HTML Parsing - Python

mtuller

Alright. I have tried everything I can find, but am not getting
anywhere. I have a web page that has data like this:

<tr >
<td headers="col1_1" style="width:21%" >
LETTER</td>
<td headers="col2_1" style="width:13%; text-align:right" >
33,699</td>
<td headers="col3_1" style="width:13%; text-align:right" >
1.0</td>
<td headers="col4_1" style="width:13%; text-align:right" >
</tr>

What is show is only a small section.

I want to extract the 33,699 (which is dynamic) and set the value to a
variable so that I can insert it into a database. I have tried parsing
the html with pyparsing, and the examples will get it to print all
instances with span, of which there are a hundred or so when I use:

for srvrtokens in printCount.searchString(printerListHTML):
print srvrtokens

If I set the last line to srvtokens[3] I get the values, but I don't
know grab a single line and then set that as a variable.

I have also tried Beautiful Soup, but had trouble understanding the
documentation, and HTMLParser doesn't seem to do what I want. Can
someone point me to a tutorial or give me some pointers on how to
parse html where there are multiple lines with the same tags and then
be able to go to a certain line and grab a value and set a variable's
value to that?

Thanks,

Mike

Feb 10 '07 #1

Subscribe Post Reply

2357

Gabriel Genellina

En Sat, 10 Feb 2007 20:07:43 -0300, mtuller <mi******@gmail.comescribió:

<tr >
<td headers="col1_1" style="width:21%" >
LETTER</td>
<td headers="col2_1" style="width:13%; text-align:right" >
33,699</td>
<td headers="col3_1" style="width:13%; text-align:right" >
1.0</td>
<td headers="col4_1" style="width:13%; text-align:right" >
</tr>

I want to extract the 33,699 (which is dynamic) and set the value to a
variable so that I can insert it into a database. I have tried parsing
[...]
I have also tried Beautiful Soup, but had trouble understanding the
documentation, and HTMLParser doesn't seem to do what I want. Can[...]
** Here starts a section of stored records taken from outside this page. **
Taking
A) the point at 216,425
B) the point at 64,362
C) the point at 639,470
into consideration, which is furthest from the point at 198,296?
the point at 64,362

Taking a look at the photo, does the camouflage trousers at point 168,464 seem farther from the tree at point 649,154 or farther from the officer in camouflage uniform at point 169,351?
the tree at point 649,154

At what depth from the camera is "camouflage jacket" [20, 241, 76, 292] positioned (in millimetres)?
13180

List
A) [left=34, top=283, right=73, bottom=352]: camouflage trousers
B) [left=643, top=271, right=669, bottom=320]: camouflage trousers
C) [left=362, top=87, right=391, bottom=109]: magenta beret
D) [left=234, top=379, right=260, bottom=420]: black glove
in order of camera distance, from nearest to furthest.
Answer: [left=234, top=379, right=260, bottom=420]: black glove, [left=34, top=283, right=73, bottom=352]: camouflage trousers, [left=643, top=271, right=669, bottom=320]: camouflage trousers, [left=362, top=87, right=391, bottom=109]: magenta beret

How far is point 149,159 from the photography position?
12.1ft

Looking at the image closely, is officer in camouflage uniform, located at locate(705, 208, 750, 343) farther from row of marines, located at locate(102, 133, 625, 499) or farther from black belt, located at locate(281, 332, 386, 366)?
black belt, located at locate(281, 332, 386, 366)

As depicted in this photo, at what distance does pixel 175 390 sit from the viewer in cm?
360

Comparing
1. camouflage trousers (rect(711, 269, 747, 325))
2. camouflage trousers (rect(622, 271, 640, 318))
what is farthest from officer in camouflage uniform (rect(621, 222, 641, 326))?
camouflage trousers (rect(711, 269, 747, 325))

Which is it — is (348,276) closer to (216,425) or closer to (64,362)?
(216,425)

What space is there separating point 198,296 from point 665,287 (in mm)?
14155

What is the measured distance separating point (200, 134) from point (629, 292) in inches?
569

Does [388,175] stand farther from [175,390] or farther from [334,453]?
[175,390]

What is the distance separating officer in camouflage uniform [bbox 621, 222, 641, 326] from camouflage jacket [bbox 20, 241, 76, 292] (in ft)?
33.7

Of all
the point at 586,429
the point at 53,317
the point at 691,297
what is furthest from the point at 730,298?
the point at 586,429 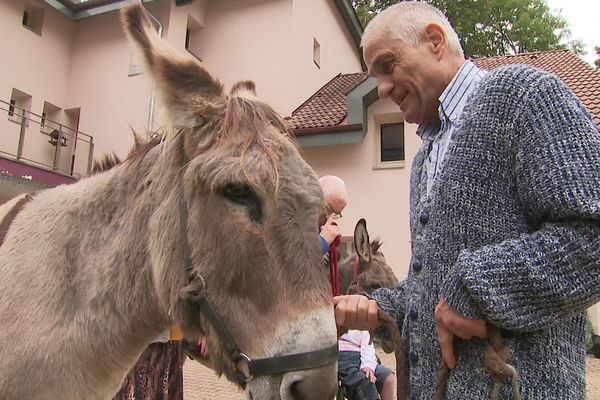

Just try harder with BeautifulSoup, should work OK for your use case.
Unfortunately I can't give you an example right now.

--
Gabriel Genellina

Feb 11 '07 #2

Ayaz Ahmed Khan

"mtuller" typed:

I have also tried Beautiful Soup, but had trouble understanding the
documentation

As Gabriel has suggested, spend a little more time going through the
documentation of BeautifulSoup. It is pretty easy to grasp.

I'll give you an example: I want to extract the text between the
following span tags in a large HTML source file.

Linux Kernel Bluetooth CAPI Packet Remote Buffer Overflow Vulnerability

>>import re
from BeautifulSoup import BeautifulSoup
from urllib2 import urlopen
soup = BeautifulSoup(urlopen('http://www.someurl.tld/'))
title = soup.find(name='span', attrs={'class':'title'}, text=re.compile(r'^Linux \w+'))
title

u'Linux Kernel Bluetooth CAPI Packet Remote Buffer Overflow Vulnerability'

--
Ayaz Ahmed Khan

A witty saying proves nothing, but saying something pointless gets
people's attention.

Feb 11 '07 #3

John Machin

On Feb 11, 6:05 pm, Ayaz Ahmed Khan <a...@dev.slash.nullwrote:

"mtuller" typed:

I have also tried Beautiful Soup, but had trouble understanding the
documentation

As Gabriel has suggested, spend a little more time going through the
documentation of BeautifulSoup. It is pretty easy to grasp.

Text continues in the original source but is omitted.